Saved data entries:
______

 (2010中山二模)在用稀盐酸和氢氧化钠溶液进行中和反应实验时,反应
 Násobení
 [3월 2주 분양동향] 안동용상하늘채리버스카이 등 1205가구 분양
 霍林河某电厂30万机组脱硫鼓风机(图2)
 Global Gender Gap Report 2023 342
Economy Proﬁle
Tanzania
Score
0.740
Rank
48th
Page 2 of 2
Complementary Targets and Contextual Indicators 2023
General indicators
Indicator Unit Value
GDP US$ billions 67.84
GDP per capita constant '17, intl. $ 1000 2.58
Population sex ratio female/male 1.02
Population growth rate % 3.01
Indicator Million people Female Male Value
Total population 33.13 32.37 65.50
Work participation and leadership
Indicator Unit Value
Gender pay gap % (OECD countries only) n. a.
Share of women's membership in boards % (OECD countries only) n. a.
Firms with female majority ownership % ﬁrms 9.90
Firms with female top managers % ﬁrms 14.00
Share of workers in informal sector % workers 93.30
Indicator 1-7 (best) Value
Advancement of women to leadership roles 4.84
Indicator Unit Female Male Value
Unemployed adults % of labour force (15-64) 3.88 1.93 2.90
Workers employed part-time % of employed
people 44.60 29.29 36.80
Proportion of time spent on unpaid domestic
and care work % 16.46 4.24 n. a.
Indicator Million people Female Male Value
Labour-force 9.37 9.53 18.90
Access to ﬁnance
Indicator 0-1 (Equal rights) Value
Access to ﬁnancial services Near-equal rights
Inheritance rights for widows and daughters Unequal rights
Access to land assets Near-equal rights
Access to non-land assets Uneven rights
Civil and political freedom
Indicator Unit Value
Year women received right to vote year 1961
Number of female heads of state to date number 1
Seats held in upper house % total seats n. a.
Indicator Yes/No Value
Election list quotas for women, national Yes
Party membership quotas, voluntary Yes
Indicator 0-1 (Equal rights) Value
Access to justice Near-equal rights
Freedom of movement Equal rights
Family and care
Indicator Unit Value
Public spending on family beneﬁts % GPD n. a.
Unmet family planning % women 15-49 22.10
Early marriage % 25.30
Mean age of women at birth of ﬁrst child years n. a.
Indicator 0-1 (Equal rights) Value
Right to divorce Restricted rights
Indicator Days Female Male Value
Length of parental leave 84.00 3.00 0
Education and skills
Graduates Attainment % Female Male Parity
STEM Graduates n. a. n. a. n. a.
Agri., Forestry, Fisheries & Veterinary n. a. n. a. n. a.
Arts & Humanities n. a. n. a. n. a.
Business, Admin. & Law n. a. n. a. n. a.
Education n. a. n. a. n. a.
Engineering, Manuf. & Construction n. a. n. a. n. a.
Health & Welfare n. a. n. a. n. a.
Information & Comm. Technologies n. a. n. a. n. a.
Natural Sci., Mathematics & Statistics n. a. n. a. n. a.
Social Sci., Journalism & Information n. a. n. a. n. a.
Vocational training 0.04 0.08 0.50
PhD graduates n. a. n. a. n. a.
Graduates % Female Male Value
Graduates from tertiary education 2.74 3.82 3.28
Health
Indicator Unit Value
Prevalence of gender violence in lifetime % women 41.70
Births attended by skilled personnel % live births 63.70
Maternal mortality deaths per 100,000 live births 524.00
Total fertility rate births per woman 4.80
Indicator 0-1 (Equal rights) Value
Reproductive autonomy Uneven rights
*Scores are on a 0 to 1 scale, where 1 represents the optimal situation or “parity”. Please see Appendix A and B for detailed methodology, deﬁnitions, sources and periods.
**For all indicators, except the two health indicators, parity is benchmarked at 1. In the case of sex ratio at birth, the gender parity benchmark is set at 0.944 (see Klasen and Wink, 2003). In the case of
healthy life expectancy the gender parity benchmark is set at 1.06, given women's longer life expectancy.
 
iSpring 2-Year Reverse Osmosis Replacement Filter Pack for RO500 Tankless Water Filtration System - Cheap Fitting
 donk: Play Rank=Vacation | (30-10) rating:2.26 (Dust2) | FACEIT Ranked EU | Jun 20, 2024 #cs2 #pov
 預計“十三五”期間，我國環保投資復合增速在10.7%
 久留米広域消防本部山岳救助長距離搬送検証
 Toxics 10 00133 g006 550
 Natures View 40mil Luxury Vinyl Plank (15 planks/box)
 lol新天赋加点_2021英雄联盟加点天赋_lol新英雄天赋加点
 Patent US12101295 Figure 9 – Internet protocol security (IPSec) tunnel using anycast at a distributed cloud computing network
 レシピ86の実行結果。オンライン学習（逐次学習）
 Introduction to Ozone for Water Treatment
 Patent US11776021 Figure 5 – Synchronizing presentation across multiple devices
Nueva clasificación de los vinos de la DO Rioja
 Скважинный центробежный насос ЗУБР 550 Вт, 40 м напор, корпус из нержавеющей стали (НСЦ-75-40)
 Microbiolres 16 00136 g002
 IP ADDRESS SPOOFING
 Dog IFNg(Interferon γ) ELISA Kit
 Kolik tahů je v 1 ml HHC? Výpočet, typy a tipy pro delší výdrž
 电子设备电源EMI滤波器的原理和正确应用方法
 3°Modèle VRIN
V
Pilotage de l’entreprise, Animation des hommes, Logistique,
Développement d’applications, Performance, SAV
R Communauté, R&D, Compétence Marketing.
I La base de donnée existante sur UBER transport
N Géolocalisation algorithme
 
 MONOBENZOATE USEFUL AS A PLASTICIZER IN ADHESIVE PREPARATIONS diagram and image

______

» What is being asked: Your answer should consist of the lines above that hold the word "Access", copied exactly.

» Written response:
Access to ﬁnance
Access to ﬁnancial services Near-equal rights
Access to land assets Near-equal rights
Access to non-land assets Uneven rights
Access to justice Near-equal rights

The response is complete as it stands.